Fitness trackers like Fitbit pose a major privacy and security risk to users, warns a new report from the Centre for Digital Democracy.
Fitness trackers and smart watches, which are sold by companies including Fitbit, Apple, Jawbone, Misfit and Samsung, collect a wide range of personal, physical and health data about users. Companies could sell this information to advertisers, or even to your employer or health insurance provider. Users could suffer consequences ranging from targeted advertising to raised insurance premiums to job discrimination or even identity theft.
On top of which, there’s no evidence that the devices actually improve people’s health.
Treasure trove of data
The wearable devices monitor everything from physical activity to heart rate, sleep, stress levels and calorie consumption. As devices get more advanced, the information they collect becomes more and more valuable to malicious actors.
“Biosensors will routinely be able to capture not only an individual’s heart rate, body temperature, and movement, but also brain activity, moods, and emotions,” the report warns. “These data can, in turn, be combined with personal information from other sources—including health-care providers and drug companies—raising such potential harms as discriminatory profiling, manipulative marketing, and security breaches.”
The companies admit to collecting and analyzing user data — it’s part of the “service” provided — and to sharing it with third-party apps that users sign up for. Those third parties, in turn, may also pass along your data.
The first and most likely place for your data to end up is in the hands of advertisers. Targeted advertising using personal data has become big business in the age of the Internet. But there is also nothing to stop companies from selling your data to your health insurance company, which could use it to calculate increased premiums.
In fact, the list of companies and groups in the market for your private information is nearly endless.
The information collected by these devices “could enable profiling and discrimination—based on ethnicity, age, gender, medical condition, and other information—across a spectrum of fields, such as employment, education, insurance, finance, criminal justice, and social services, affecting not only individuals but also groups and society at large,” the report warns.
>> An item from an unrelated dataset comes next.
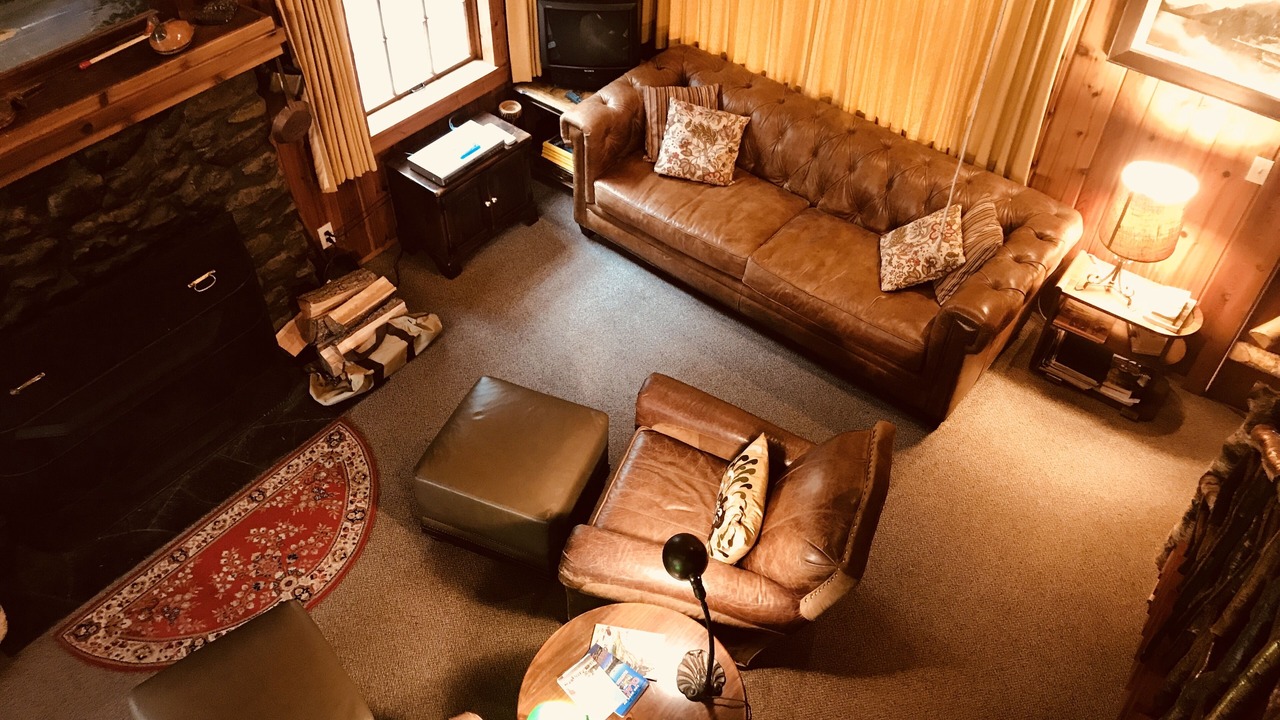 Photo of Livingroom in West Glacier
Even if a company promises never to share your data, the information could still be compromised by a cyber attack. Databases containing large amounts of diverse information, such as health care records, are now one of the favorite targets of malicious hackers.
“The opportunities for data breaches will increase, with hackers accessing medical and health information at insurance companies, retail chains, and other businesses,” the report says.
Do they even help?
Furthermore, studies now suggest that fitness trackers don’t actually lead to much improvement in exercise behaviors.
One study, published in the journal Lancet Diabetes and Endocrinology, found that people who used a Fitbit Zip for a year did show sustained increases in activity level, but only by an average of 16 minutes a week. This was “probably not enough to generate noticeable improvements in any health outcomes,” the researchers wrote.
It takes very little exercise — about 30 minutes of aerobic exercise three to five times a week — to dramatically improve your health profile. That is, 90 to 150 minutes a week. An extra 16 minutes isn’t enough to make much difference.
The researchers found no evidence that Fitbit wearers were any more likely to lose weight or improve cardiorespiratory fitness or blood pressure.
Another recent study, published in the Journal of the American Medical Association, found that people using wearable devices lose less weight than those using standard weight loss techniques.